___ Data excerpts ___

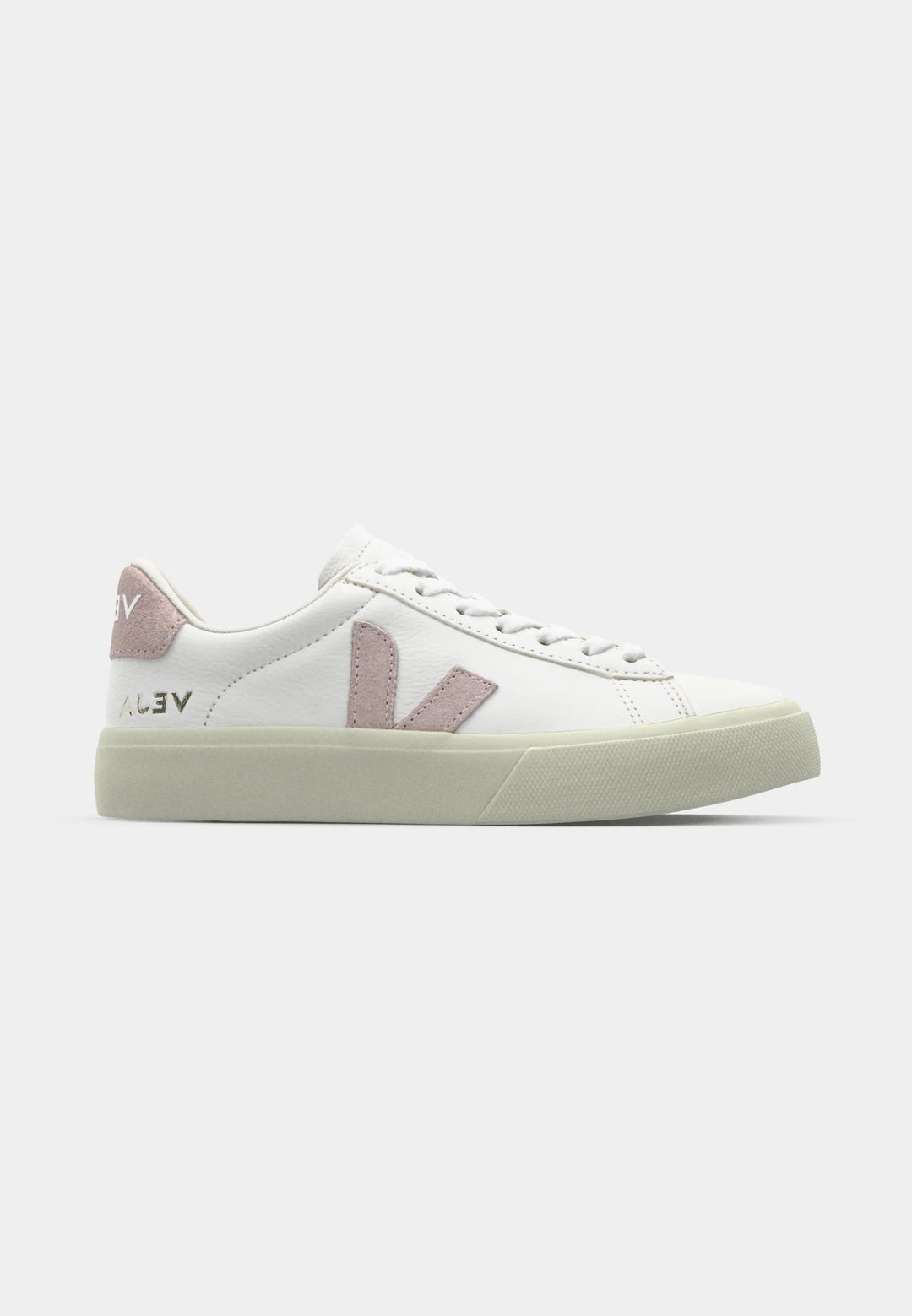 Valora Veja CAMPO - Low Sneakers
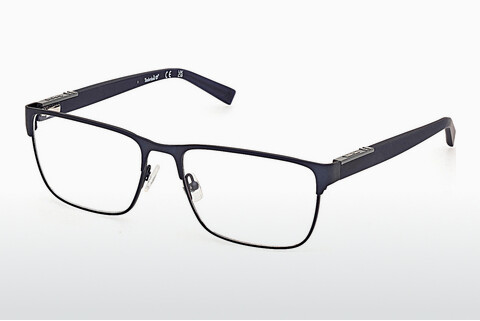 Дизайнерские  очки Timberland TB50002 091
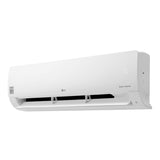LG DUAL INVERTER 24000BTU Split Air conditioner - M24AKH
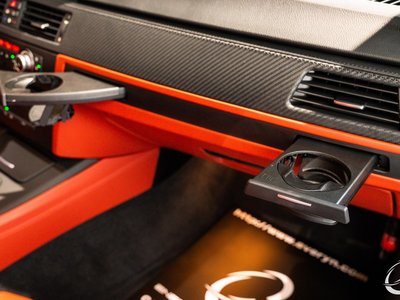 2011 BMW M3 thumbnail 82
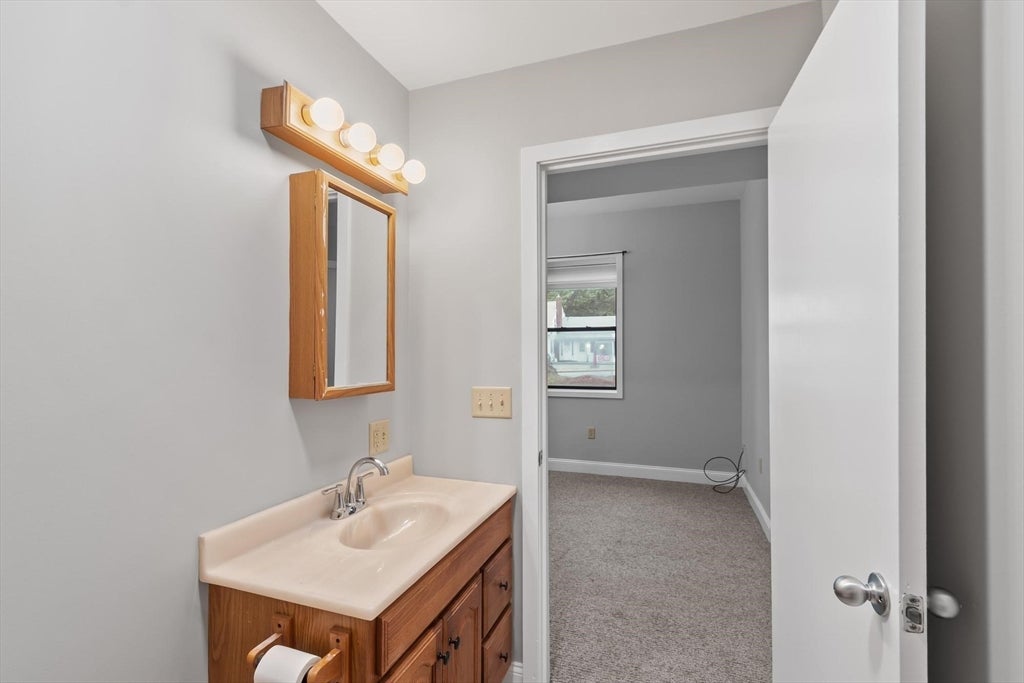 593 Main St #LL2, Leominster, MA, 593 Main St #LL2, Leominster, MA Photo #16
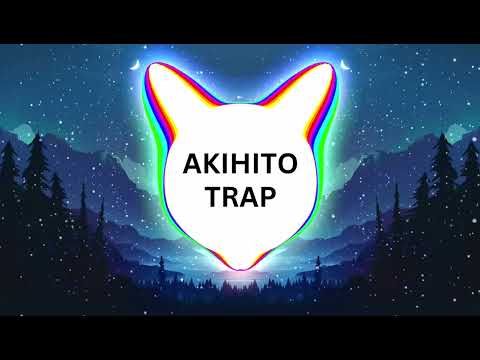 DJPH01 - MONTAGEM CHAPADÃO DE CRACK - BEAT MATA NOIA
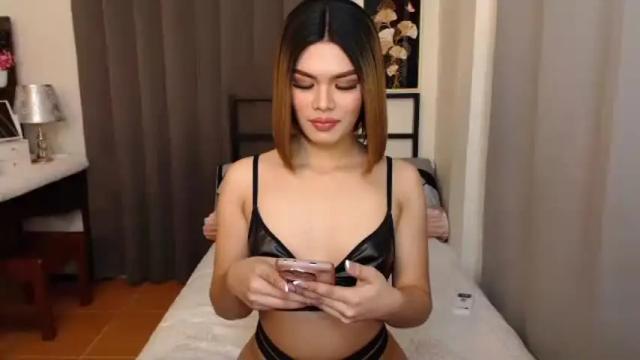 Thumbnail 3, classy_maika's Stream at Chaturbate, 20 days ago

___
___ Data excerpts ___

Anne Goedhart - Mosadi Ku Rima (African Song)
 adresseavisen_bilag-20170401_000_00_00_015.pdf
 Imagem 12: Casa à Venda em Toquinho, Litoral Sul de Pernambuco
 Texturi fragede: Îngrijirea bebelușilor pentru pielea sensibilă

___
___ Data excerpts ___

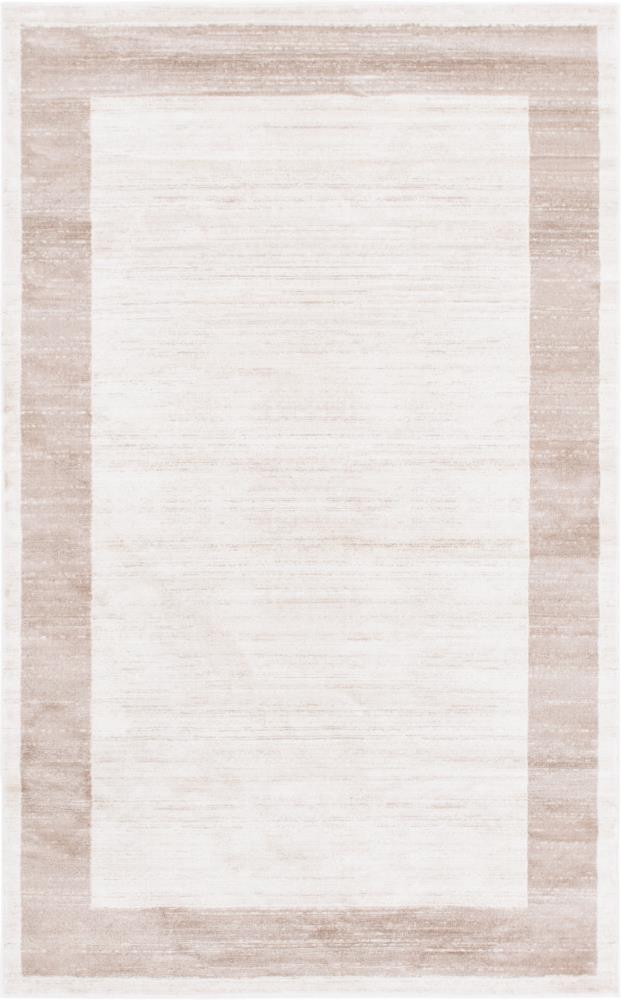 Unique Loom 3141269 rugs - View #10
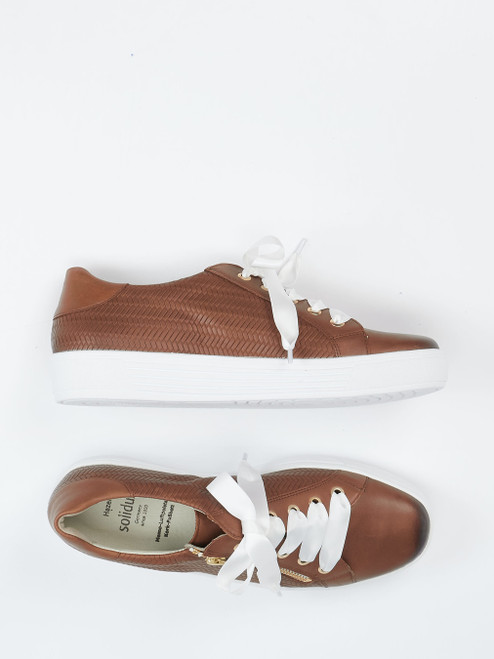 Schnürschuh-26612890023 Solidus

___

Using the records above, return word for word the lines that begin at the one containing "Valora Veja CAMPO - Low Sneakers" and end at the one containing "Thumbnail 3, classy_maika's", both of them included and no pictures.

_Answer space_:
 Valora Veja CAMPO - Low Sneakers
 Дизайнерские  очки Timberland TB50002 091
LG DUAL INVERTER 24000BTU Split Air conditioner - M24AKH
 2011 BMW M3 thumbnail 82
 593 Main St #LL2, Leominster, MA, 593 Main St #LL2, Leominster, MA Photo #16
 DJPH01 - MONTAGEM CHAPADÃO DE CRACK - BEAT MATA NOIA
 Thumbnail 3, classy_maika's Stream at Chaturbate, 20 days ago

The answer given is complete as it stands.